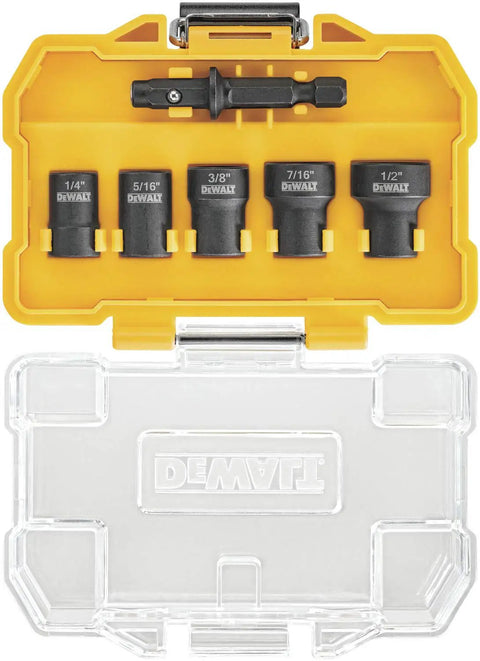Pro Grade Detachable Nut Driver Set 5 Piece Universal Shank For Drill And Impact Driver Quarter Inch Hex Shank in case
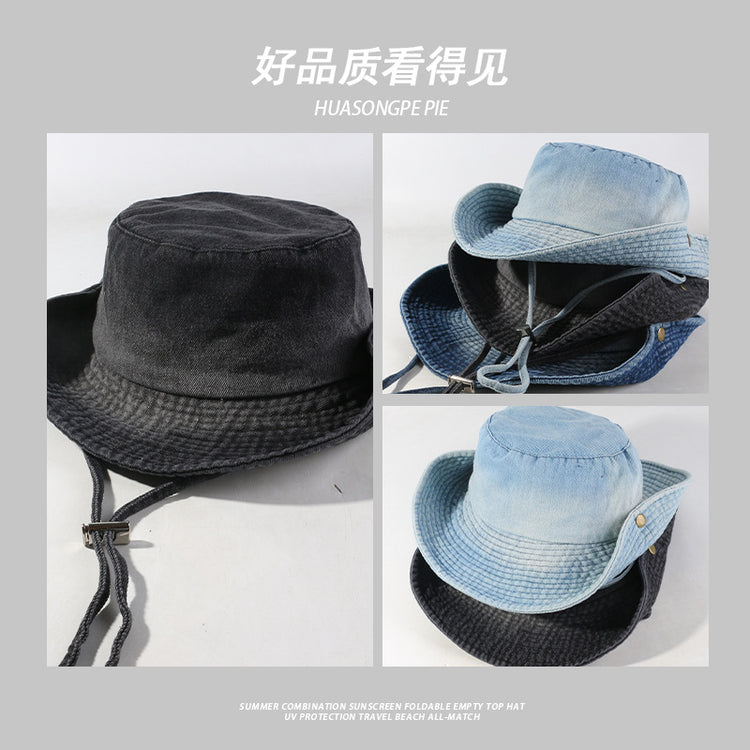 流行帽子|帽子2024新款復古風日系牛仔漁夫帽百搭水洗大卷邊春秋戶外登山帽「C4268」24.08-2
---
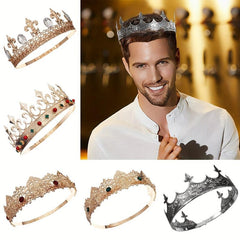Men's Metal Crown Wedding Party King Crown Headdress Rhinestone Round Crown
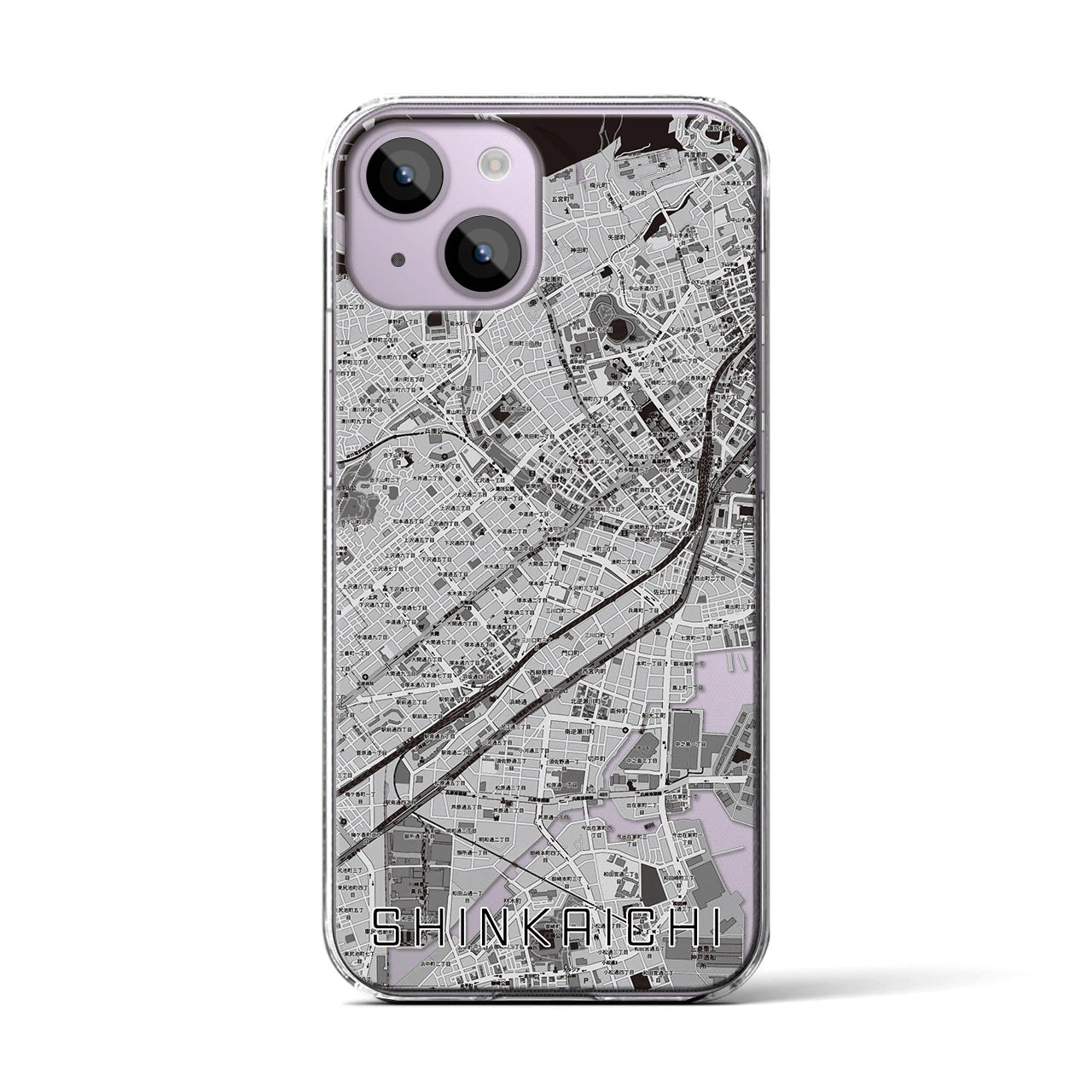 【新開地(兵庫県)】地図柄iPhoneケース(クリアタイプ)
---
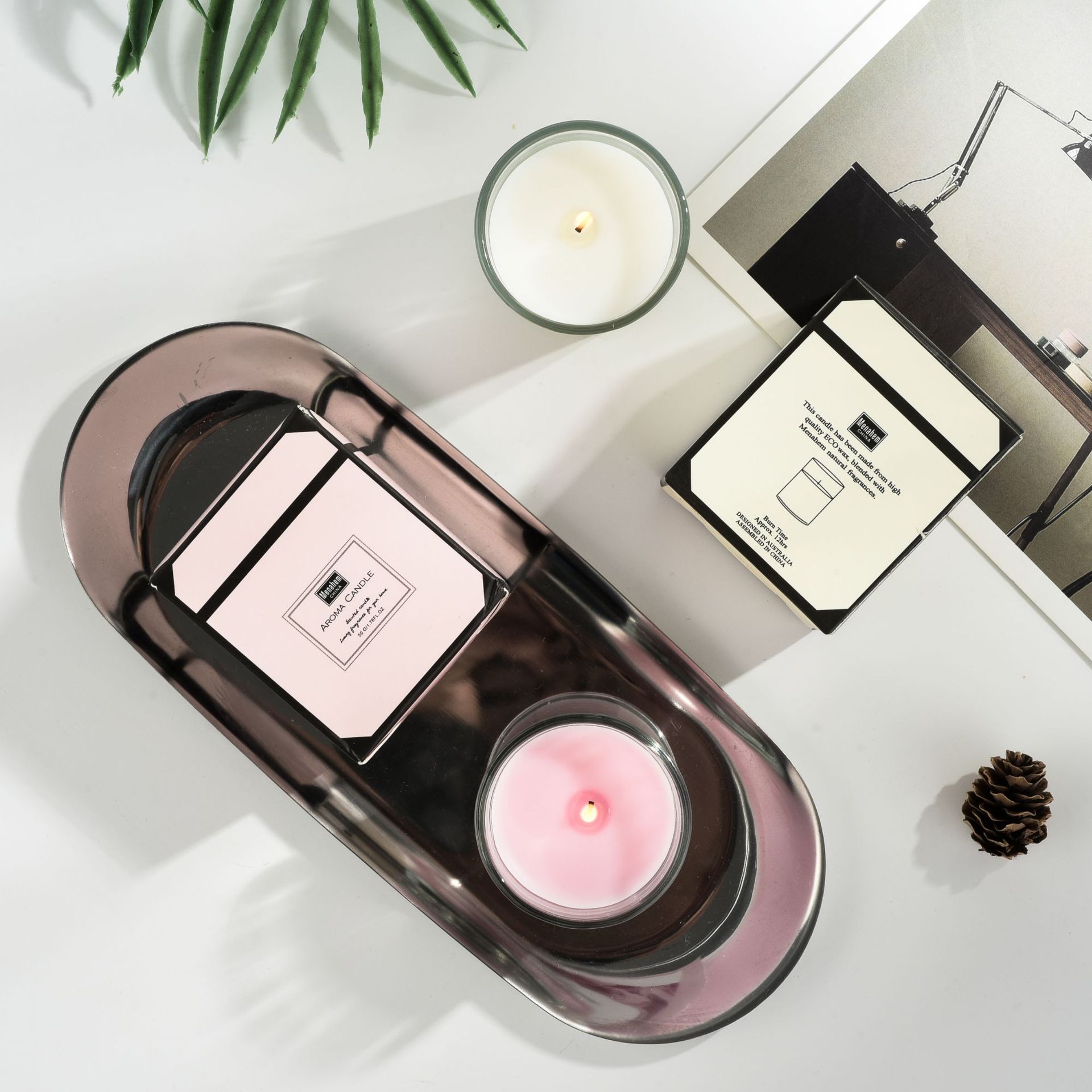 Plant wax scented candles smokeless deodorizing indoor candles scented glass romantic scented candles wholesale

> [ABOUT THIS TASK]
The answer is those lines of the material above that run from the one containing "Pro Grade Detachable" up to and including the one containing "流行帽子|帽子2024新款復", restated exactly and without images.

> [SOLUTION TO THE PROBLEM]
Pro Grade Detachable Nut Driver Set 5 Piece Universal Shank For Drill And Impact Driver Quarter Inch Hex Shank in case
 流行帽子|帽子2024新款復古風日系牛仔漁夫帽百搭水洗大卷邊春秋戶外登山帽「C4268」24.08-2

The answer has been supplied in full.